Strip out CSS

M

M

When saving web pages, I'd like to strip out all CSS and just leave the raw
HTML intact. Some web developer toolbars will strip out the CSS, but for
some reason they won't let you save the page this way. Any tools that can do
this?

(PS: Yes, I know I could manually delete any style sheets but would like to
automate this process. Bonus points if it can strip out inline styles as
well.)

M
 
D

dorayme

"M said:
When saving web pages, I'd like to strip out all CSS and just leave the raw
HTML intact. Some web developer toolbars will strip out the CSS, but for
some reason they won't let you save the page this way. Any tools that can do
this?

(PS: Yes, I know I could manually delete any style sheets but would like to
automate this process. Bonus points if it can strip out inline styles as
well.)

M

Give an example of one url you would like to do this to.
 
M

M

dorayme said:
Give an example of one url you would like to do this to.

Not sure why this is relevant but, hey, if it leads to something. . . As an
example:

http://niftytutorials.com/basics/transform-your-photos-into-a-beautiful-mosaic/1/

Essentially, I just want to save barebones articles with any relevant
images. I don't want Google ads, sidebars, irrelevant banner images, forms,
search boxes, background images, scripts, etc.

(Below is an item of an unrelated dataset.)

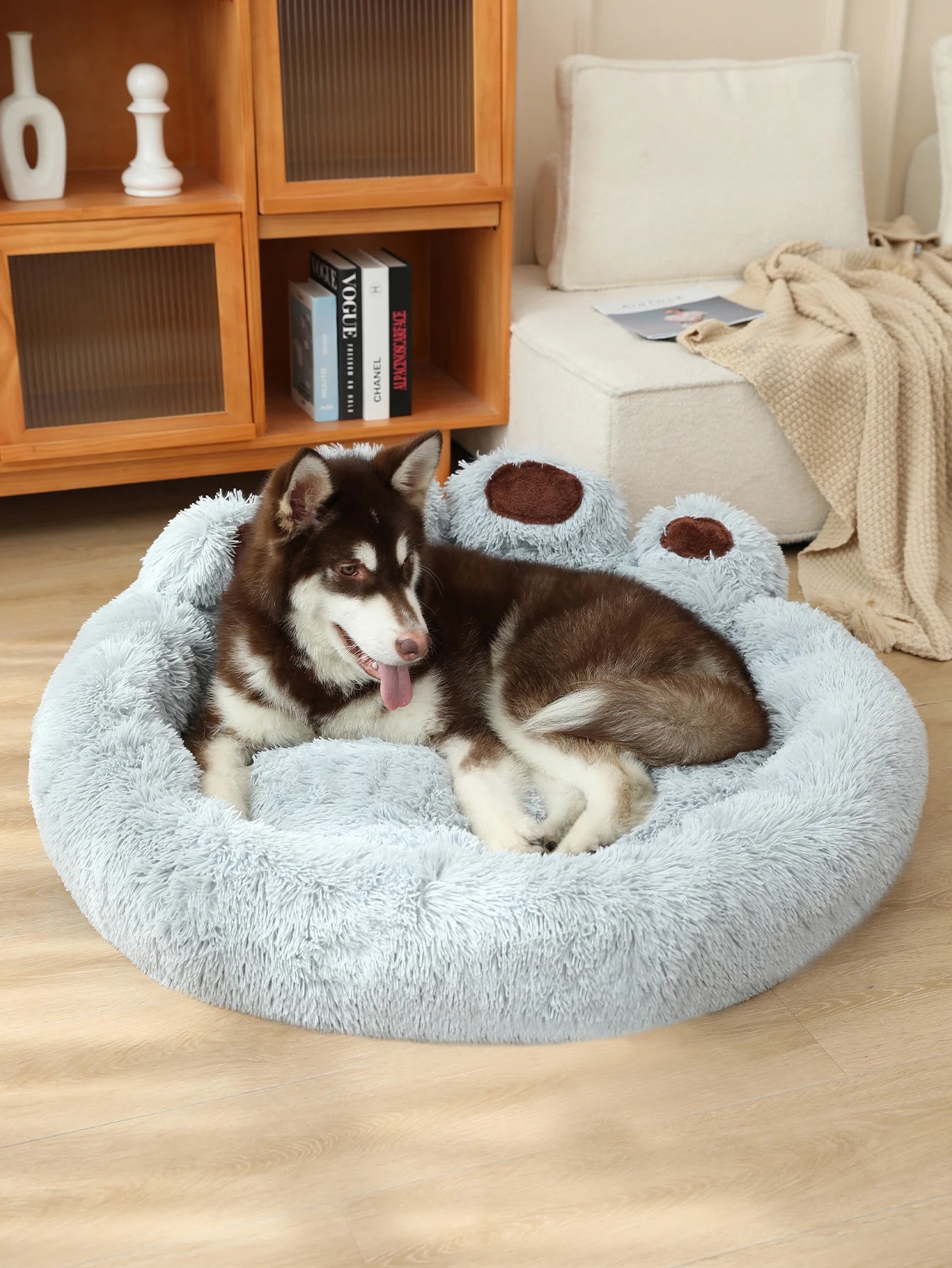 Calming Dog Paw Bed - Tails & Paws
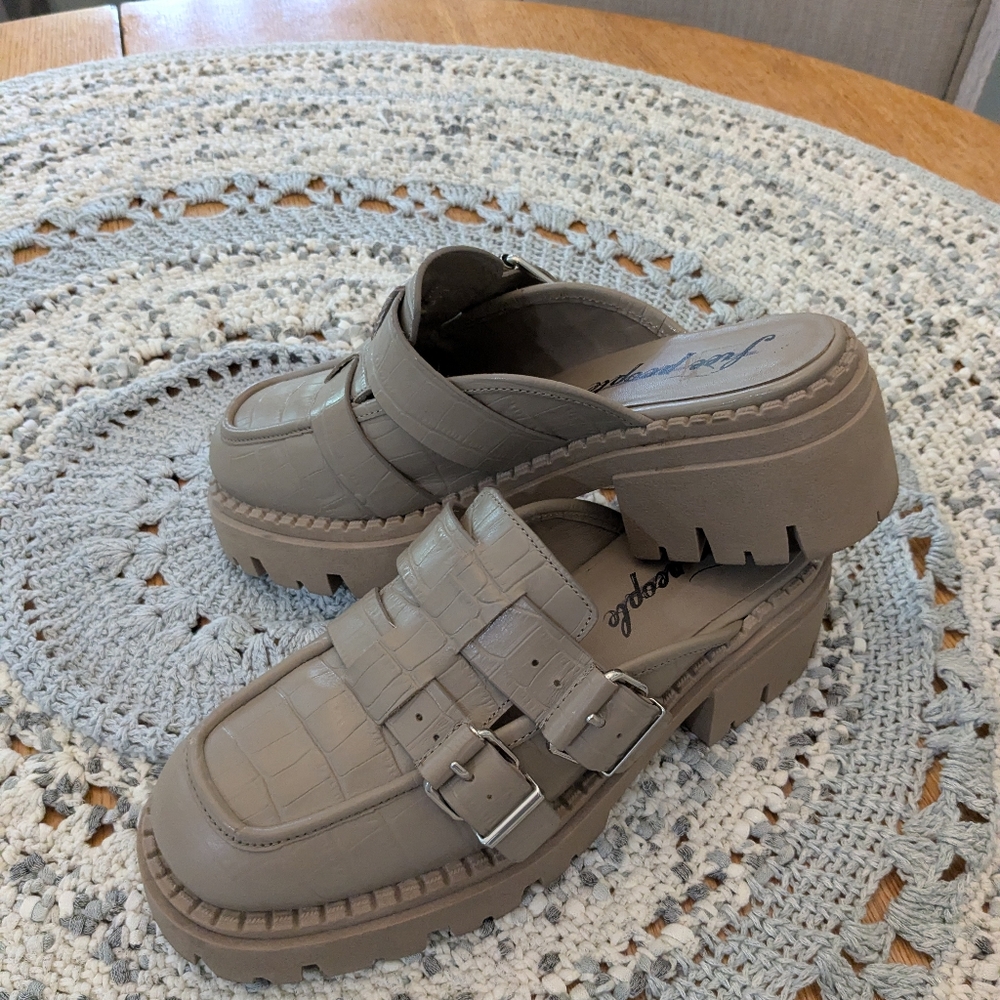 Free People Clogs (Reposhing) - Picture 2 of 5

Sometimes the website is gracious enough to offer a print version which gets
rid of most of this stuff.

I have a Notetab script which does most of what I want but wanted to see if
something else out there is better at it.

M
 
J

jmatt

When saving web pages, I'd like to strip out all CSS and just leave the raw
HTML intact. Some web developer toolbars will strip out the CSS, but for
some reason they won't let you save the page this way. Any tools that can do
this?

What browser are you using?
 
D

dorayme

"M said:
dorayme said:
Not sure why this is relevant but, hey, if it leads to something. . . As an
example:

http://niftytutorials.com/basics/transform-your-photos-into-a-beautiful-mosaic
/1/

Essentially, I just want to save barebones articles with any relevant
images. I don't want Google ads, sidebars, irrelevant banner images, forms,
search boxes, background images, scripts, etc.

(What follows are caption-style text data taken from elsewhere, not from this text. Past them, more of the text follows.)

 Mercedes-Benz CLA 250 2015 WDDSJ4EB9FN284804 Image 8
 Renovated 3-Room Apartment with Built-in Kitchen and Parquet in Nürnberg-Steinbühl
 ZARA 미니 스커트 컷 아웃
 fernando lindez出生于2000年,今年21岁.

Sometimes the website is gracious enough to offer a print version which gets
rid of most of this stuff.

I have a Notetab script which does most of what I want but wanted to see if
something else out there is better at it.

M

It is tricky to fashion a general facility to distinguish between
relevant and irrelevant images as you can imagine. Best I can
suggest is this, open in FF (equipped with free developer tools)
and turn off all css and probably javascript too. Save as
webpage. Open the saved in a browser. If too rich for you still,
just delete the associated folder which contains all the images
and other stuff, or inspect the folder and be rid things
selectively - but this is not what you want to do). I am afraid
there is nothing as intelligent as you for this job.
 
J

jmatt

This may give you what you want.

At the top of the Firefox browser select VIEW, PAGE STYLE, then NO
STYLE.

This will strip any web page that you're viewing of all CSS styling.
 
M

M

This may give you what you want.

At the top of the Firefox browser select VIEW, PAGE STYLE, then NO
STYLE.

This will strip any web page that you're viewing of all CSS styling.

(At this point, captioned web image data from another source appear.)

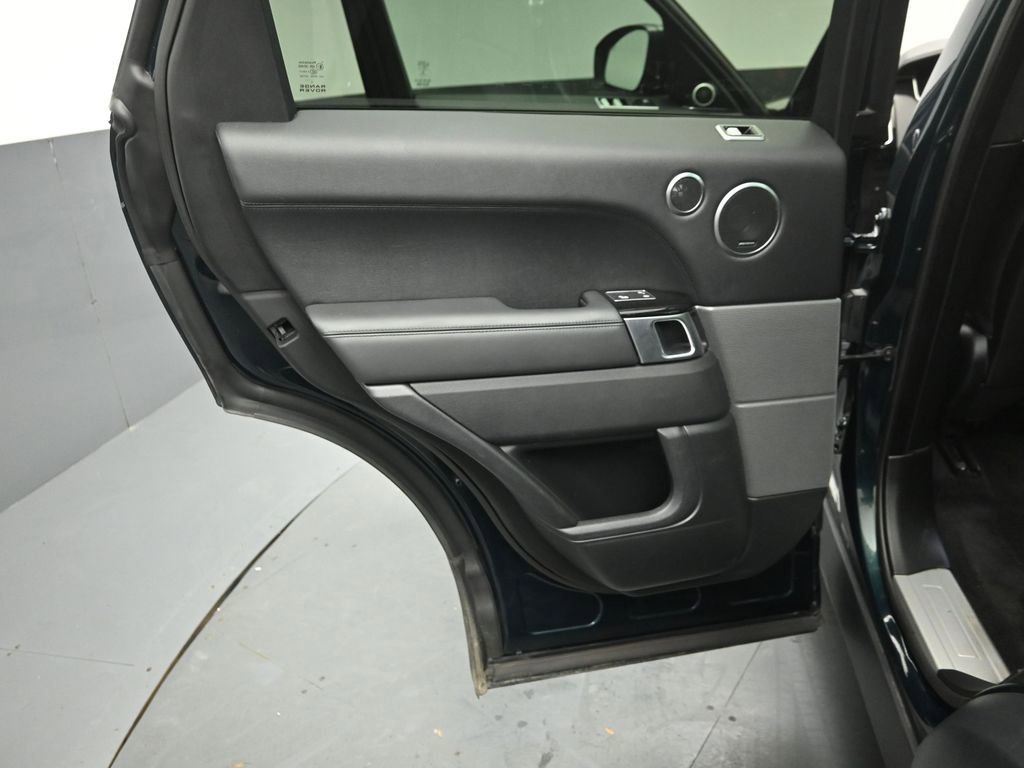Used 2020 Land Rover Range Rover Sport HSE image 24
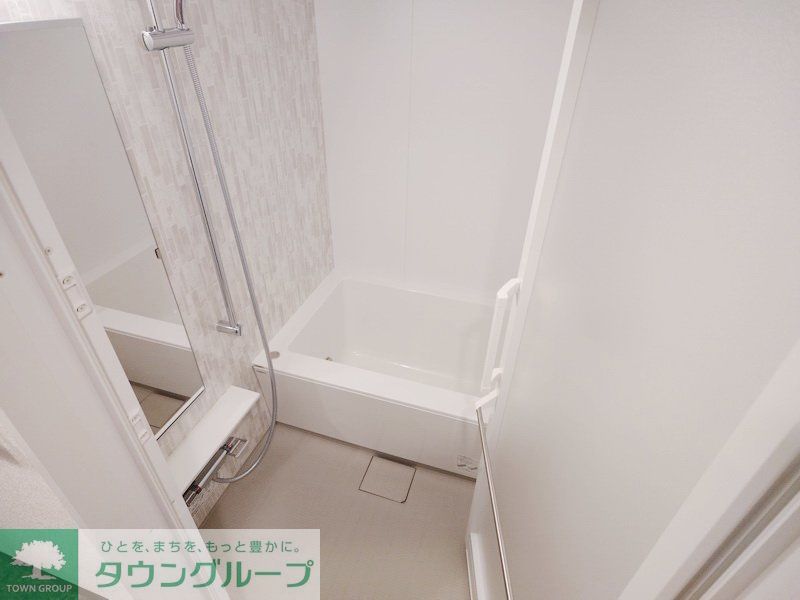 バス・シャワールーム　※写真は同じタイプの住戸です。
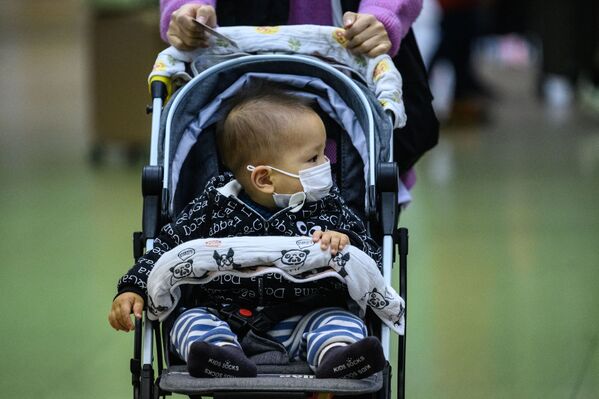 Малыш в защитной маске в Гонконге - Sputnik Беларусь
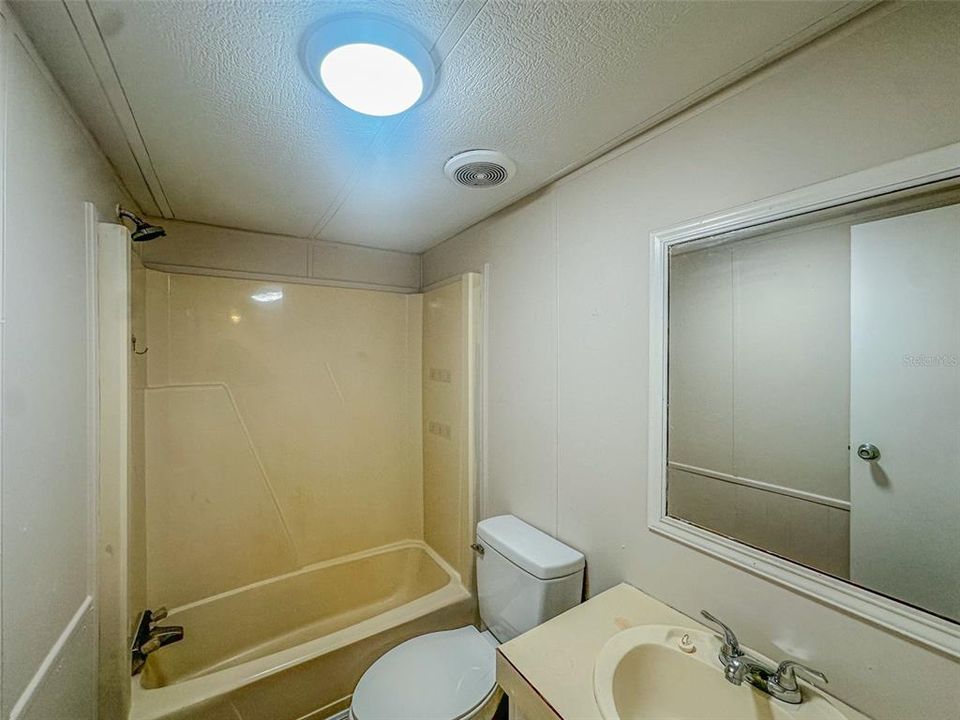 For Sale: $339,900 (8 beds, 0 baths, 3336 Square Feet)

Yes, I know. However when you save the de-"css"-esified page, all the CSS is
still saved with it. When you open the saved page again, all the CSS shows
up again. It's the same with the web developer toolbars -- they let you
turn off the CSS to view the page but they don't let you save the modified
page. :(

M
 
J

jmatt

Have a look at this one.

Stylish
https://addons.mozilla.org/en-US/firefox/addon/2108
https://addons.mozilla.org/en-US/firefox/search?q=style&status=4
http://dev.upian.com/hotlinks/tag/greasemonkey?tag=greasemonkey&n=4
Firefox Extension for managing user styles - Stylish allows you to
easily manage user styles for the application UI, all websites, or
only certain websites. Stylish is better than using userChrome.css/
userContent.css because styles are applied immediately instead of
requiring a restart.
Stylish is to CSS what Greasemonkey is to JavaScript. Stylish allows
you to easily manage user styles for the application UI, all websites,
or only certain websites. Stylish is better than using userChrome.css/
userContent.css because styles are applied immediately instead of
requiring a restart.
 
S

Susan Bugher

M said:
When saving web pages, I'd like to strip out all CSS and just leave the raw
HTML intact. Some web developer toolbars will strip out the CSS, but for
some reason they won't let you save the page this way. Any tools that can do
this?

I have a hunch those toolbars don't "strip out" anything. ISTM more
likely they just ignore it.

copied from another post:

"Essentially, I just want to save barebones articles with any relevant
images. I don't want Google ads, sidebars, irrelevant banner images,
forms, search boxes, background images, scripts, etc."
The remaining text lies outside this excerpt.